Genauso verliefen auch die restlichen Vorlesungen des Tages.

Am nächsten Tag hatten wir Analytische Forensik, ein Fach, vor dem es mich graute. Ich hatte mir schon das Skript der Vorlesung angeschaut und gemerkt, dass es eines der komplizierteren Fächer war, man brauchte definitiv einiges an Computerkenntnissen sowie mathematische Kenntnisse.
Ich ging also schon mit einem mulmigen Gefühl in die Vorlesung. Annie war heute leider nicht da, denn sie hatte ein wichtiges Fußballspiel in Frankfurt und würde dort auch die restliche Woche verbringen. Ich war also erstmal alleine, hoffte aber, noch ein paar neue Freunde zu finden. Ich betrat den Hörsaal und sah den Professor vorne stehen. Es war noch leer im Hörsaal, da es noch früh morgens war. Ich vermutete sogar, dass diese Vorlesung wegen der Uhrzeit nicht besonders gut besucht sein würde. „Morgen.“ murmelte ich zum Professor. Ich wollte immerhin einen guten Eindruck machen. Der Prof sah mich an und grüßte mich auch. Ich suchte mir einen Platz relativ weit vorne. Meine Augen waren nicht die allerbesten und auch eine neue Brille wurde dringend wieder notwendig. Während ich meinen Laptop und meinen Block aus der Tasche holte, spürte ich den Blick meines Professors auf mir. Langsam fühlte ich mich richtig Unwohl und war wirklich kurz davor zu gehen. Doch als er merkte, dass ich merkte, dass sein Blick auf mir lag, schaute er schnell weg und fuchtelte an seinem Computer rum. Merkwürdig, dachte ich. Langsam aber sicher füllte sich der Hörsaal und ein nettes Mädchen setzte sich neben mich, mit dem ich ins Gespräch kam.

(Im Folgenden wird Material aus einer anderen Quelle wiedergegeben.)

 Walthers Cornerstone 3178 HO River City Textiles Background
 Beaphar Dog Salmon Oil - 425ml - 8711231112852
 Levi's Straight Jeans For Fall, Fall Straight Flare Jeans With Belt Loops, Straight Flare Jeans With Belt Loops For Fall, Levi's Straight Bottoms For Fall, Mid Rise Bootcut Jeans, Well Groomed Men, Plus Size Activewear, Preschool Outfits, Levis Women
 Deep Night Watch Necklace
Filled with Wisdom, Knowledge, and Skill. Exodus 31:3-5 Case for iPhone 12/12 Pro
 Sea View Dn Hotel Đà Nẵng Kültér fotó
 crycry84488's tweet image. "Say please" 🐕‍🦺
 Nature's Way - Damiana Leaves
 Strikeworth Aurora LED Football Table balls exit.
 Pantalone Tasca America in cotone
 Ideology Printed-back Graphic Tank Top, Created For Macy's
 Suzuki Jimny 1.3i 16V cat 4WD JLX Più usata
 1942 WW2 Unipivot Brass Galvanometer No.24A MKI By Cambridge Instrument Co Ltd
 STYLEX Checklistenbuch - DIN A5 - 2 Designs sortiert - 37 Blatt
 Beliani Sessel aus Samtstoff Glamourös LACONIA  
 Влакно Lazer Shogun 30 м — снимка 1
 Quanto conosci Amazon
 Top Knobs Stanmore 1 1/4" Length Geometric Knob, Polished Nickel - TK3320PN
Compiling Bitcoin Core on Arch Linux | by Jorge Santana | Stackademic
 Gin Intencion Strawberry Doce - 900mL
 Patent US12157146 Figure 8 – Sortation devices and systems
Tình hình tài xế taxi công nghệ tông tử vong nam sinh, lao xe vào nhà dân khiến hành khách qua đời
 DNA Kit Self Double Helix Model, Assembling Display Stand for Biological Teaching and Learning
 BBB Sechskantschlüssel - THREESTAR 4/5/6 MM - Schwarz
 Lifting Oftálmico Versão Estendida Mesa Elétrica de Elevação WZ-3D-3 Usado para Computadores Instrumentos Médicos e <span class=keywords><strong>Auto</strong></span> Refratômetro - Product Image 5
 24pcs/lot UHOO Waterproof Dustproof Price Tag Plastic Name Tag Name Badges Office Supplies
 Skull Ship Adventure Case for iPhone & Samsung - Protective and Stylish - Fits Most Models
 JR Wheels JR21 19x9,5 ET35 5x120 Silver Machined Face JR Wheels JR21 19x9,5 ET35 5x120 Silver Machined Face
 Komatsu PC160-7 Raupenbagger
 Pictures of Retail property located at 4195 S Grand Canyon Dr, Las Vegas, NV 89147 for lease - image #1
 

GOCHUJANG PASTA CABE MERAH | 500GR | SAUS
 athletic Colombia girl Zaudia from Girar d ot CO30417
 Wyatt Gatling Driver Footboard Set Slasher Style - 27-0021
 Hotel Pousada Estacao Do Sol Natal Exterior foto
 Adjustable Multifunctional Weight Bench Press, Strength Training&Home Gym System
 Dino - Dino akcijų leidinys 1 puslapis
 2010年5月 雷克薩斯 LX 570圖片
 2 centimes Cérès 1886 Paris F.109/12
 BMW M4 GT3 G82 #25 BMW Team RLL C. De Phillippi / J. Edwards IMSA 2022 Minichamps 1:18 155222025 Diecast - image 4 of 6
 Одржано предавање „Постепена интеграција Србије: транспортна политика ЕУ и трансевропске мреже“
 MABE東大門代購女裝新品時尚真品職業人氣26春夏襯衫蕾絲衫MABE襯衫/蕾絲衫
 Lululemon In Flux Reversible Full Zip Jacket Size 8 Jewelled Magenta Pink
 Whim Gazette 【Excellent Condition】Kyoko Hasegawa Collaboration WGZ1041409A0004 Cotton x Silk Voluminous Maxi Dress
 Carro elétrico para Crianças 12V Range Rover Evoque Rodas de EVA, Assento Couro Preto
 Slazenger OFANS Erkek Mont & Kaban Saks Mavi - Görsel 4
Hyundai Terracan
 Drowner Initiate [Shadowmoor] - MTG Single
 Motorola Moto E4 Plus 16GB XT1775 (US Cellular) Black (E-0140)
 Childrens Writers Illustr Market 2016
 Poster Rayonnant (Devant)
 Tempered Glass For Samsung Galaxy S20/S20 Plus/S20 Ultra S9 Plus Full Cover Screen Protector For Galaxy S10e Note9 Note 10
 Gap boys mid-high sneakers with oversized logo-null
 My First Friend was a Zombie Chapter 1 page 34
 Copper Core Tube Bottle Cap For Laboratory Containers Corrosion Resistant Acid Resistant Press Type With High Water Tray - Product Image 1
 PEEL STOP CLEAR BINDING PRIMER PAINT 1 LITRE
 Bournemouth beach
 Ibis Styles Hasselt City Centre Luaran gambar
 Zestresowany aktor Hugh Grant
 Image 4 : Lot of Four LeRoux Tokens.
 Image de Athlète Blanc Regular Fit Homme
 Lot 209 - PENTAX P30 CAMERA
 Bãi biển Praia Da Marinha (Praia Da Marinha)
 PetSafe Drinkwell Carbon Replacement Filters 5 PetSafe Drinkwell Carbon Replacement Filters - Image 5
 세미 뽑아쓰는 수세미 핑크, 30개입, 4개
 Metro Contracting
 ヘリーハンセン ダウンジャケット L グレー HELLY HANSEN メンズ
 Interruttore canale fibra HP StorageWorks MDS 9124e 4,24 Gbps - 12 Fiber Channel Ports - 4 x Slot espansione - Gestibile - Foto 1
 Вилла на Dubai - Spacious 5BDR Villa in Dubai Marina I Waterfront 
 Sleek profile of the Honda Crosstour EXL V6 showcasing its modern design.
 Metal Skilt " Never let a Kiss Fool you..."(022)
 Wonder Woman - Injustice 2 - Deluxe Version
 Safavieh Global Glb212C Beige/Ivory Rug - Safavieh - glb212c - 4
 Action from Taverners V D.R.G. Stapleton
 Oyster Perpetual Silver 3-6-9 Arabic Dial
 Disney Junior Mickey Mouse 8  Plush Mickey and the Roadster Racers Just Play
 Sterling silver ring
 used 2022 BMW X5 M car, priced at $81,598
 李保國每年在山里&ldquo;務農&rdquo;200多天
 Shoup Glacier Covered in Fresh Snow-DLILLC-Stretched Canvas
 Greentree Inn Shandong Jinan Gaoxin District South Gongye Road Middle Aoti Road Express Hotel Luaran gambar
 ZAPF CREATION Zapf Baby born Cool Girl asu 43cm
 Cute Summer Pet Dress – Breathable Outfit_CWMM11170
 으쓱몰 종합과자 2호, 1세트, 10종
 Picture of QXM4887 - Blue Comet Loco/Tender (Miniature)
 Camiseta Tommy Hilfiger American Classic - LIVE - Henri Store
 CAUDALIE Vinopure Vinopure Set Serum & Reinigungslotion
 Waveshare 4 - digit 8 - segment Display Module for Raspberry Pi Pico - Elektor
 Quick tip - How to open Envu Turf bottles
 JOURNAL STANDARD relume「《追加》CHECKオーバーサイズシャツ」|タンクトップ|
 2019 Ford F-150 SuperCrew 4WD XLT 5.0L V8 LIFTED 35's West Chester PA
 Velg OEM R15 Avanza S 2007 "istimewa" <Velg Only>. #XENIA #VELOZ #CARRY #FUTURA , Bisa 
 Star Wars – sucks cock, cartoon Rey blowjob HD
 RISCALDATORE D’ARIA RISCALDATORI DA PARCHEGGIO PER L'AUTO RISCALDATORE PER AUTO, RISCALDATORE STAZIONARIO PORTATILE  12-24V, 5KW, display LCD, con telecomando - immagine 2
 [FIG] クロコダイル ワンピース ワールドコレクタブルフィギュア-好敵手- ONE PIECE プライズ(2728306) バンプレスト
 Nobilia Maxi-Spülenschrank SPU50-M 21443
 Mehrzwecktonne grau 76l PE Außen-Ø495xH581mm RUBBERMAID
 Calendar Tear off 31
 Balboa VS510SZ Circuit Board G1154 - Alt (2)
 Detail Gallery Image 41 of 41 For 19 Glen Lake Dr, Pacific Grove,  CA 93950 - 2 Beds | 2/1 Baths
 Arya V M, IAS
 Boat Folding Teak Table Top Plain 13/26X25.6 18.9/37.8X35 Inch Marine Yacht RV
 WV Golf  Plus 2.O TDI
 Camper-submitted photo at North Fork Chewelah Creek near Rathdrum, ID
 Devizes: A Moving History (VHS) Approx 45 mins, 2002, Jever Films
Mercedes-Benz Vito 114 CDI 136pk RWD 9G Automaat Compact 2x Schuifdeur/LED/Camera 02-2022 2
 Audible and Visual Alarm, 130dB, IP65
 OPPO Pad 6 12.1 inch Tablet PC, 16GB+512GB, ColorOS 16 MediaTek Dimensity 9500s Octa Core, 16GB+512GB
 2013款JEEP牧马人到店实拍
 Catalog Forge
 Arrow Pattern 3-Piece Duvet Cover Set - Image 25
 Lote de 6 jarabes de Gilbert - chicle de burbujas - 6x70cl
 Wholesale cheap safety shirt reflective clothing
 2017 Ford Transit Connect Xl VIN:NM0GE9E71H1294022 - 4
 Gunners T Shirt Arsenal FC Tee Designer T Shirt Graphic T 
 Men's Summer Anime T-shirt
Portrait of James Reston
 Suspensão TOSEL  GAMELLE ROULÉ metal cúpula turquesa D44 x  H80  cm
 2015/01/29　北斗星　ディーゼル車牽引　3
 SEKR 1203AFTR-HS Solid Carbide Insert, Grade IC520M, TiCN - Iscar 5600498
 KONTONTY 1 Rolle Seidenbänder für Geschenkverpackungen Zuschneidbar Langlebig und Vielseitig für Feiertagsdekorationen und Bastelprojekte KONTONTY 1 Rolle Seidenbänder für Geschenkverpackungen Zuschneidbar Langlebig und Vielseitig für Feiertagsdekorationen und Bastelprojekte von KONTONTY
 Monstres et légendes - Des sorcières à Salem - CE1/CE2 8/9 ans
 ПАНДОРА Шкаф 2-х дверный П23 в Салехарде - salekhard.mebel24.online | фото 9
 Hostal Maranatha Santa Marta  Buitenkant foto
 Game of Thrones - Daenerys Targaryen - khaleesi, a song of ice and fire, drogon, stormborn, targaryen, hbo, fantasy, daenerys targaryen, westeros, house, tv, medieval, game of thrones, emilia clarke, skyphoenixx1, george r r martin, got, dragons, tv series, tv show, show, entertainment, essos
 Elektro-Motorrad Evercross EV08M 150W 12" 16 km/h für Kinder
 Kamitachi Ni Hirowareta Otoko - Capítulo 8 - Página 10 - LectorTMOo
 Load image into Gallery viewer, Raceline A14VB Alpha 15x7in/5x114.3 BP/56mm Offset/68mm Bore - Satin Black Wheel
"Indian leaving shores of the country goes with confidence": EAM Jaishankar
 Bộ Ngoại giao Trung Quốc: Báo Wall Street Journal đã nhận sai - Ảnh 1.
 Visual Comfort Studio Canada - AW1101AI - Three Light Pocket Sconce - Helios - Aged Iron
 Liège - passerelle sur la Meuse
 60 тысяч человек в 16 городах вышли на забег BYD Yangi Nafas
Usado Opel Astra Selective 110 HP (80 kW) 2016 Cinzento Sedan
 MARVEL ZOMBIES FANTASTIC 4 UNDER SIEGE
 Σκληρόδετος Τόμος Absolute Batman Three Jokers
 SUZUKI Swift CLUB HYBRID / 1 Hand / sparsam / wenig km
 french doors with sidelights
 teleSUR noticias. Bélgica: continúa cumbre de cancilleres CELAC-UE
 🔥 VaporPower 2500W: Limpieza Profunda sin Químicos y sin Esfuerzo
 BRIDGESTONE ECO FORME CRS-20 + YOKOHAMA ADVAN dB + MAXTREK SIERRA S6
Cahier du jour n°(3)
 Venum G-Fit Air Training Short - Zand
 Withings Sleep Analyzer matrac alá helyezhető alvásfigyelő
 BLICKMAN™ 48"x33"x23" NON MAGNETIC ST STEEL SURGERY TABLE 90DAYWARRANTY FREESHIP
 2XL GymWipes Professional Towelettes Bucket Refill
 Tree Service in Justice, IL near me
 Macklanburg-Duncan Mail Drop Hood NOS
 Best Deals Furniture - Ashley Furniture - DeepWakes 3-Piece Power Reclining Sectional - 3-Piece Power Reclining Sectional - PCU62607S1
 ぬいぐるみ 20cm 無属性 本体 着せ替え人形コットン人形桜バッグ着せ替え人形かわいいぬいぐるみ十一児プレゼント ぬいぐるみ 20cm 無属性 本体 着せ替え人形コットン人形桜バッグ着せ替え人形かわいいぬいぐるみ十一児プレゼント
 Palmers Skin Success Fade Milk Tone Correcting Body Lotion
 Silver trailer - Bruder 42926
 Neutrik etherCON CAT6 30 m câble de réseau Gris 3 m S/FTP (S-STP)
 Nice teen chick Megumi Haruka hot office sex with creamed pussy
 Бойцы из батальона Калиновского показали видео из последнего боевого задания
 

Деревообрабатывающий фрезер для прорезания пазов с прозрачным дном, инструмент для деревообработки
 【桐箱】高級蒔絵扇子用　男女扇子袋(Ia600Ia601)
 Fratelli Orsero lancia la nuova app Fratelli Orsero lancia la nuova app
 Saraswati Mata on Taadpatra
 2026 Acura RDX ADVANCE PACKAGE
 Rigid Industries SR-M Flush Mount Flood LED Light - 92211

Die Vorlesung lief wirklich gut. Ich verstand tatsächlich ziemlich viel, was ich nicht erwartet hätte, und konnte den ein oder anderen Beitrag liefern. Ich war tatsächlich ein wenig stolz auf mich. Am Ende der Vorlesung wollte ich den Saal verlassen, als ich plötzlich jemanden meinen Namen rufen hörte. Ich drehte mich um, konnte jedoch nicht ausmachen, woher der Ruf kam. Ich zuckte also mit den Schultern und verließ den Hörsaal. Wieder ging ich in die Mensa. Ich hatte heute noch zwei Vorlesungen, wodurch ich bis zwanzig Uhr Uni hatte. Ich gehörte glücklicherweise zu einer der Ersten in der Mensa, wodurch ich schnell dran kam. Heute gab es eine Ofenkartoffel und einen Vanillepudding. Die Preise hier waren einfach unschlagbar günstig und bisher waren die Sachen auch wirklich lecker. Mit meinem Rucksack auf dem Rücken und meinem vollen Tablett in der Hand suchte ich mir einen Tisch zum sitzen. Ich fand einen direkt am Fenster ein wenig abgeschieden von den anderen, ein Ort, wo ich hoffentlich etwas Ruhe zum Nachdenken haben würde. Seit analytischer Forensik hatte ich irgendwie ein komisches Gefühl. An meinem Professor, Professor Schardt, war irgendetwas komisch, aber nicht im schlechtem Sinne. Aus irgendeinem Grund kam er mir vertraut vor, den Grund dafür konnte ich mir jedoch beim besten Willen nicht erschließen.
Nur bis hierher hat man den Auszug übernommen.